Filed under Eucalypts

Another giant falls

I went to work yesterday unsuspecting and came home to find that a tree that stood a couple of storeys high and was one of only two really large trees still standing in our street, had been cut down without warning.  Here it is in December.  It stood on a block with a couple of E Citriodoras but I think this one was an E Maculata.


And yesterday afternoon.


I saw two men measuring its girth a couple of weeks ago as I was on my way to work.  I thought at the time that wasn’t a good sign (the definition of “significant tree” turns on the girth of a tree and has been changed in the relatively recent past), but I wasn’t in a position to stop and ask.  I wish now that I’d followed up.  This tree was scheduled for destruction as part of the infrastructure works that have turned our neighbourhood upside down.  But a way was found to complete them without cutting it down.  We thought it had been saved.  The infrastructure works are almost complete and the removal of this tree clearly wasn’t necessary for them.

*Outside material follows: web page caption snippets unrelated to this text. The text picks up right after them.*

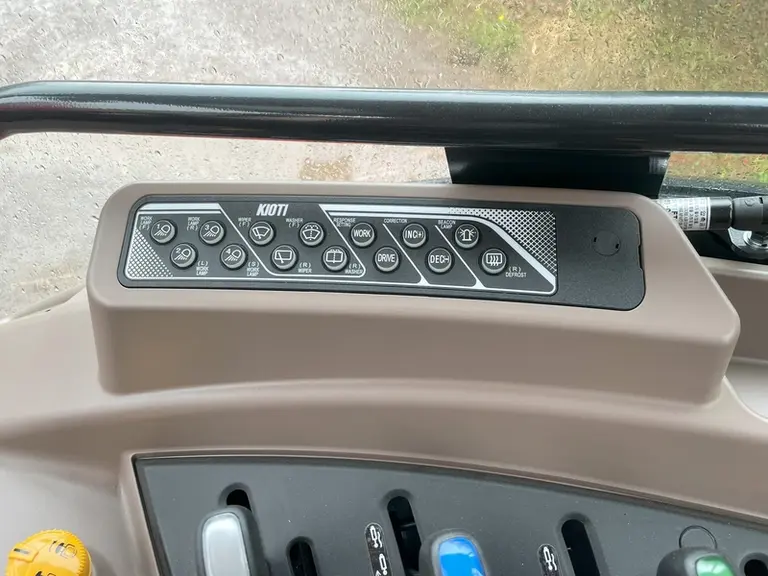 <em class="placeholder">Commandes sur l'aile droite du tracteur Kioti HX1402</em>
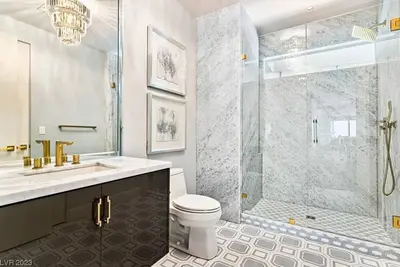 Image de 180 degree city view mansion with stunning features and premium amenities! \n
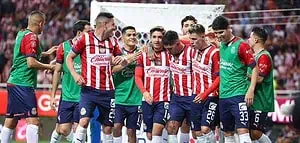 ¡Chivas festeja!, está en cuartos de final tras golear a Mazatlán 4-1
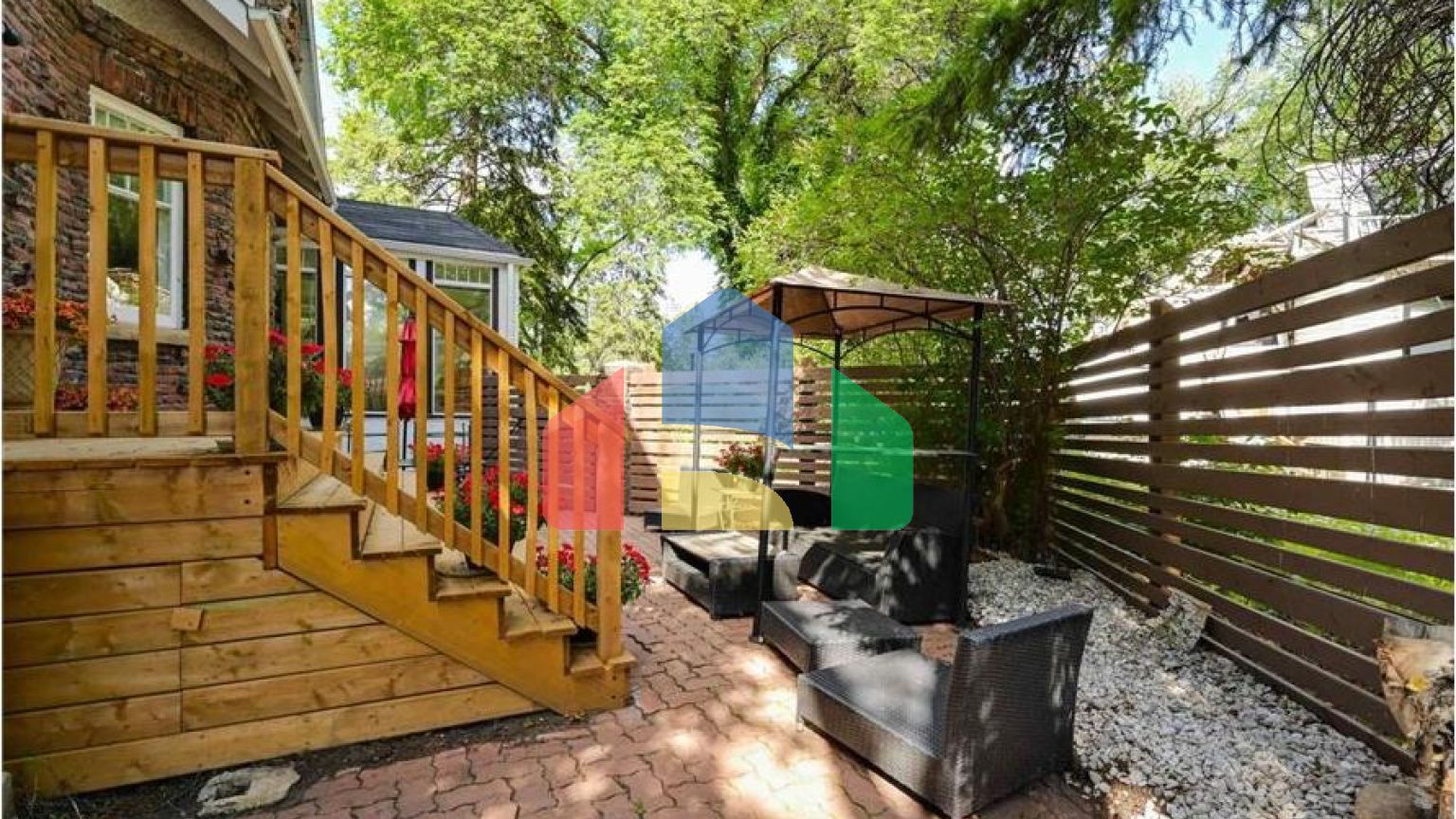 Residential - Single Family Home - Edmonton, Canada - Canada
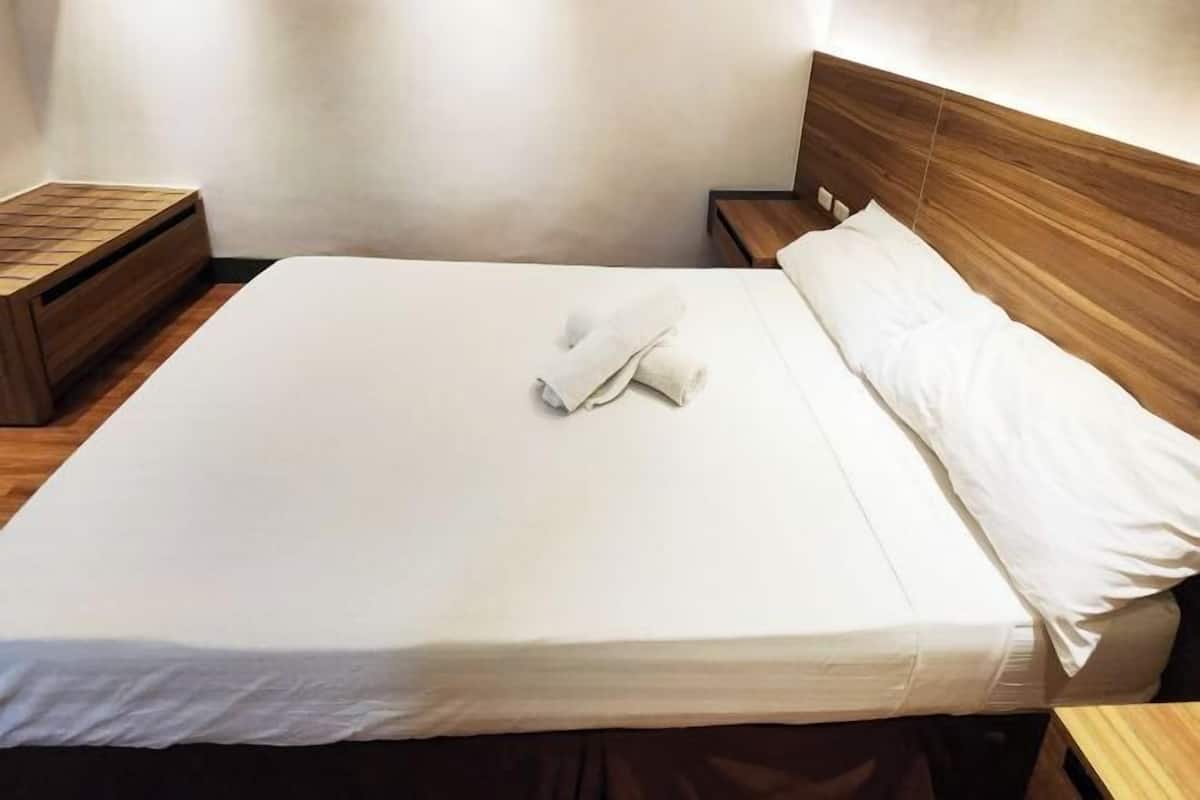 Desk, free WiFi, bed sheets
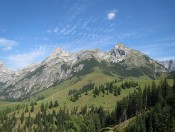 Eiskogel und Tauernkogel mit der Dr. Heinrich Hackel Hütte am Fuße der Felswände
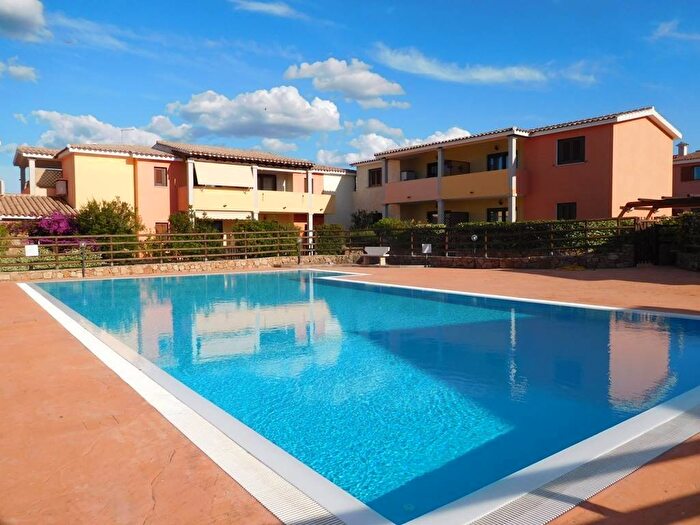 Appartamento trilocale in affitto in Via Maltineddu, Murta Maria Porto Istana, Olbia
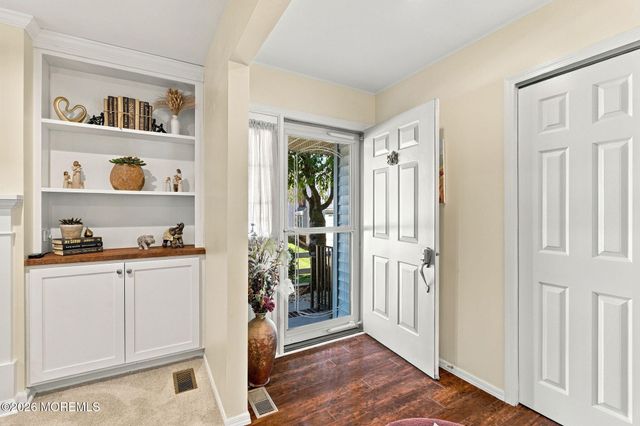 2A John Adams Court, Monroe Twp, NJ 08831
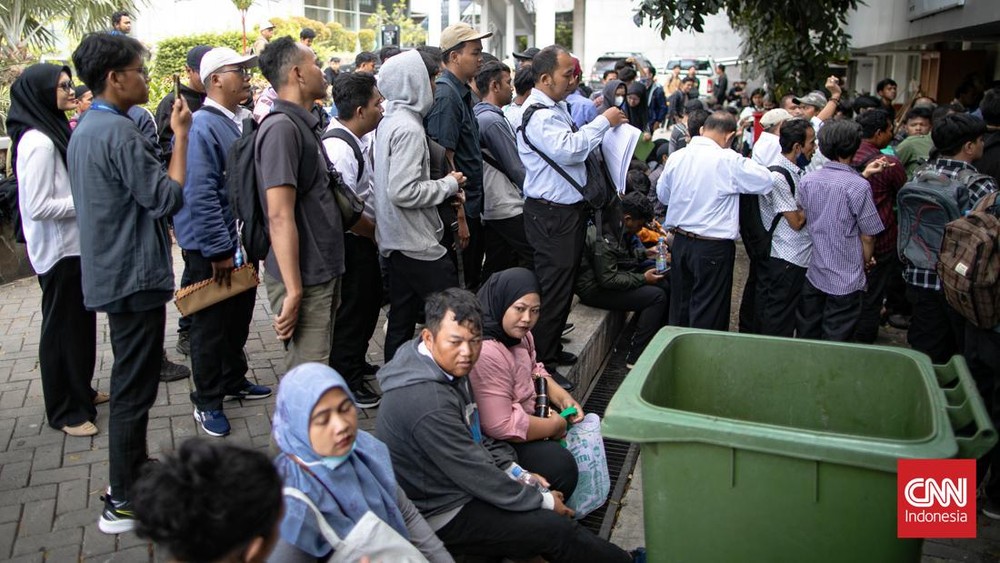 Lulusan Sarjana Berebut Jadi PPSU Jakarta! Kok Bisa?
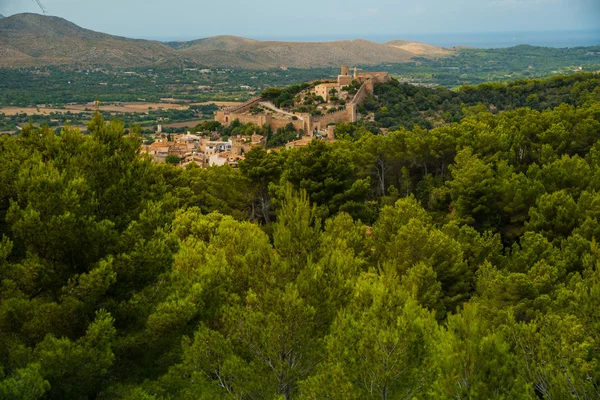 Château Capdepera sur une colline verdoyante à Majorque — Photo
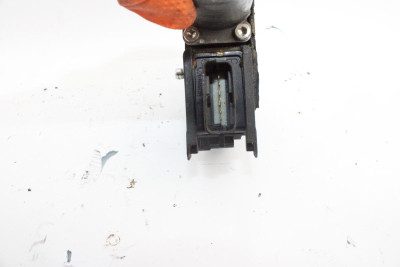 MOTOR ELEVALUNAS DELANTERO DERECHO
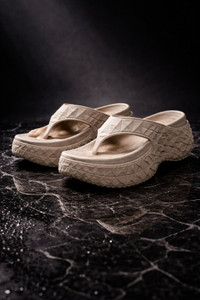WOLVESDEN Women Flip Flops
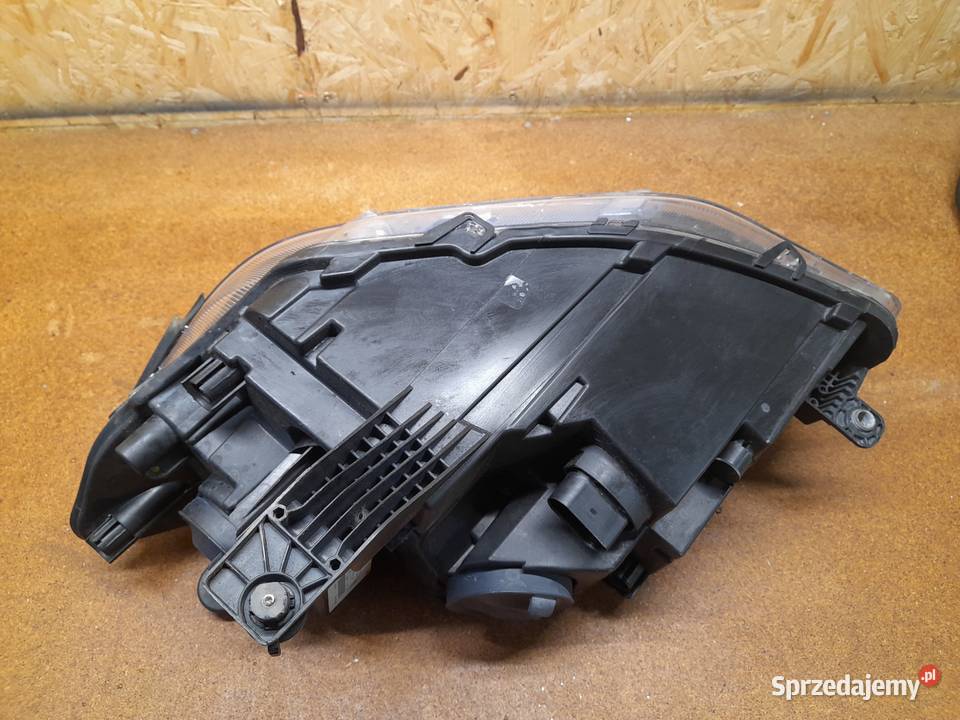 REFLEKTOR PRAWY LAMPA PRAWA VW CADDY 2K7 2020 osobowe Goleniów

All this on the same day as our Prime Minister declared too much of our native forest, what little of it remains, is “locked up” in national parks.  Pardon me while I put my head down on my desk.


I called the Council and the tree was cut down by the property owners on whose land it stood.  This is one tree in our neighbourhood not felled by the Department of Planning, Transport and Infrastructure.  Apparently the Council arborist will call back to explain.  I’ll spare you.